▶ **TASK PROMPT**: Reproduce word for word, from the entries below, the line with "Hello guys, currently", the line with "Alright, so we", and every line between them, and nothing more.

▶ **INPUT MATERIAL**:
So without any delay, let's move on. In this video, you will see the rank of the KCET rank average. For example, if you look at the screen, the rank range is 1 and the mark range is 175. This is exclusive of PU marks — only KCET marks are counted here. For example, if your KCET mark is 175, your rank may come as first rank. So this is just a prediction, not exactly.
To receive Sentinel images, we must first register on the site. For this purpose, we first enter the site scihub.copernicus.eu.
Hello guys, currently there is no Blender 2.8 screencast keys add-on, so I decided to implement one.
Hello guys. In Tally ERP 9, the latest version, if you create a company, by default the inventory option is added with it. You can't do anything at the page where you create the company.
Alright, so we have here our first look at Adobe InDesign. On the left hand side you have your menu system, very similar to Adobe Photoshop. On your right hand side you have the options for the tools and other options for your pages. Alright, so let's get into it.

...

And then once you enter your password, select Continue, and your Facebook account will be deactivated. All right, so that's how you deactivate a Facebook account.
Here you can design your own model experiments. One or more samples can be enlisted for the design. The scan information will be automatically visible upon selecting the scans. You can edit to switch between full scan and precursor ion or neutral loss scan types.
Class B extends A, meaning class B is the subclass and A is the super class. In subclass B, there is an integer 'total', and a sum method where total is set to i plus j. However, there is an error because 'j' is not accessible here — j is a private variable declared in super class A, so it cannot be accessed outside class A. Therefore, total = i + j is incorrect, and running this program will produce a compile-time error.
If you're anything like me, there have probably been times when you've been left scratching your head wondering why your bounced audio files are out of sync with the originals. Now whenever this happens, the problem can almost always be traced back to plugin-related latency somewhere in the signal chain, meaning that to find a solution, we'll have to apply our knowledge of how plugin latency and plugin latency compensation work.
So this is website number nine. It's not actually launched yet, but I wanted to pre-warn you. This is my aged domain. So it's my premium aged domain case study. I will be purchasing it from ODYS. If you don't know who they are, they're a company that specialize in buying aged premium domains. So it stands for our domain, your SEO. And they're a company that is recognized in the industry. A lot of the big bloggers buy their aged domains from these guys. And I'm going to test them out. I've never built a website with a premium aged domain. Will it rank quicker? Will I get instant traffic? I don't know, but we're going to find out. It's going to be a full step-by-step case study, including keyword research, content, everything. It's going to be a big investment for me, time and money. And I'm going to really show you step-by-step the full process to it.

▶ **ANSWER TO THIS EXERCISE**:
Hello guys, currently there is no Blender 2.8 screencast keys add-on, so I decided to implement one.
Hello guys. In Tally ERP 9, the latest version, if you create a company, by default the inventory option is added with it. You can't do anything at the page where you create the company.
Alright, so we have here our first look at Adobe InDesign. On the left hand side you have your menu system, very similar to Adobe Photoshop. On your right hand side you have the options for the tools and other options for your pages. Alright, so let's get into it.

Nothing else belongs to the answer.